Le chantier de la nouvelle gare des Guillemins a été, durant 8 ans, la matière première d’un photographe liégeois, Alain Janssens. De 2001 à 2009, des fondations à l’achèvement final, du plein soleil d’été au ciel grisé de l’hiver, le photographe s’est immergé dans ce qui constitue un formidable paysage urbain. Il en a tiré plusieurs milliers d’images, qui donnent une stratigraphie du lieu et de ses multiples évolutions.

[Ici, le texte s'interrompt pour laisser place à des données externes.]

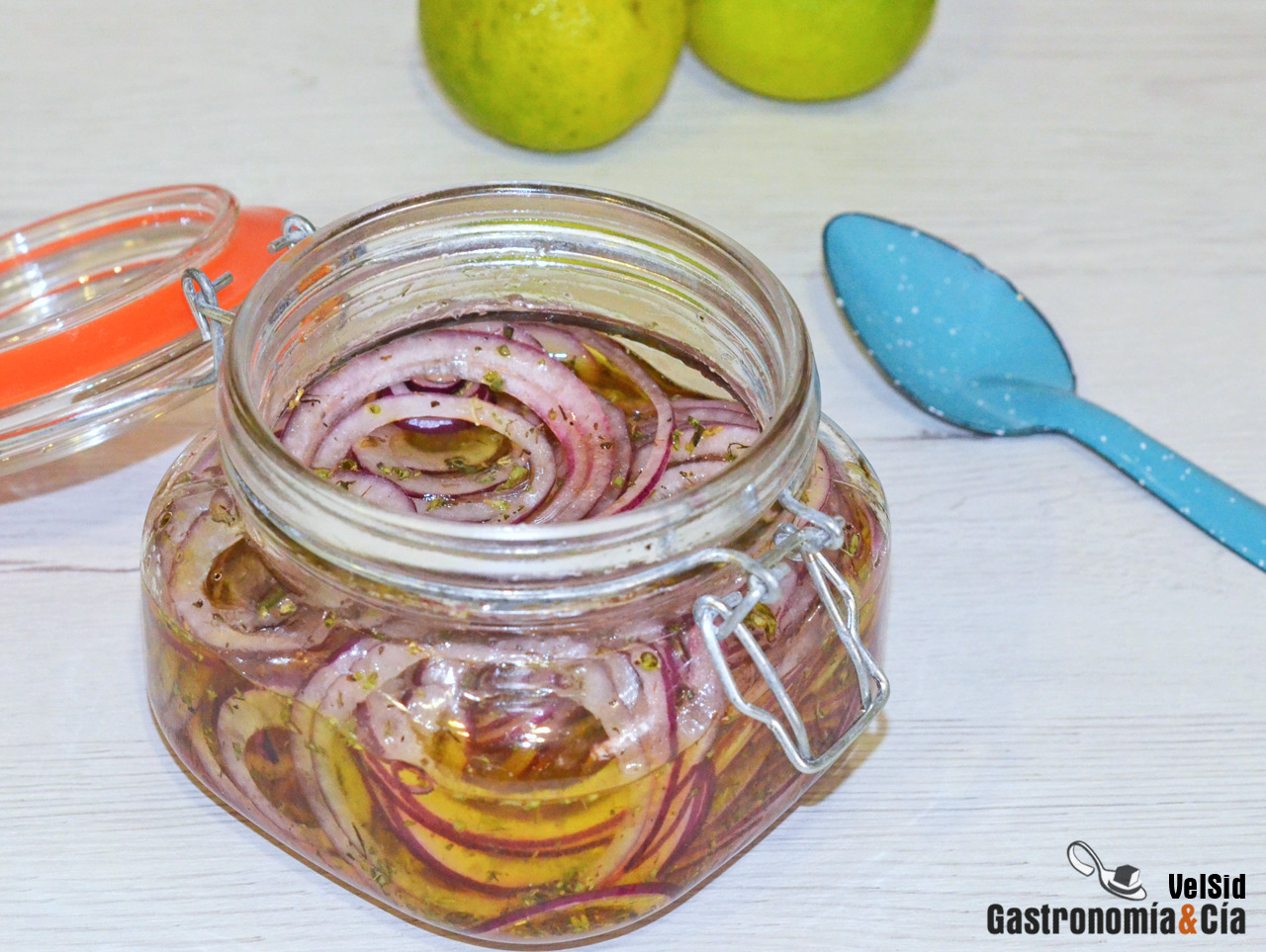 Cebolla marinada con lima y aove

De long en large, et de bas en haut, été comme hiver, sous la pluie et, de préférence, sous la lumière du soleil, Alain Janssens a sillonné le chantier de la gare de Santiago Calatrava. Quelque 180 visites sur place, plus ou moins longues, plus ou moins fréquentes aussi, en fonction de l’avancement des travaux. En 8 années, on devinait bien qu’il en était sorti une volumineuse masse d’images. Mais il y a au total pas loin de huit mille photographies en couleur : à la (dé)mesure de ce chantier peu banal.
« C’est une situation qui n’arrivera sans doute qu’une fois dans ma vie », tient-il à préciser avec humour. Mais ce photographe, enseignant à l’École supérieure des Arts Saint-Luc de Liège, n’a éprouvé que rarement la lassitude. « C’était un chantier toujours en mouvement, d’un jour à l’autre les choses se modifiaient. Et ce qui est fabuleux, c’est d’avoir eu cette unité de lieu, toujours le même paysage sous les yeux, en mutation permanente, par l’action des hommes. »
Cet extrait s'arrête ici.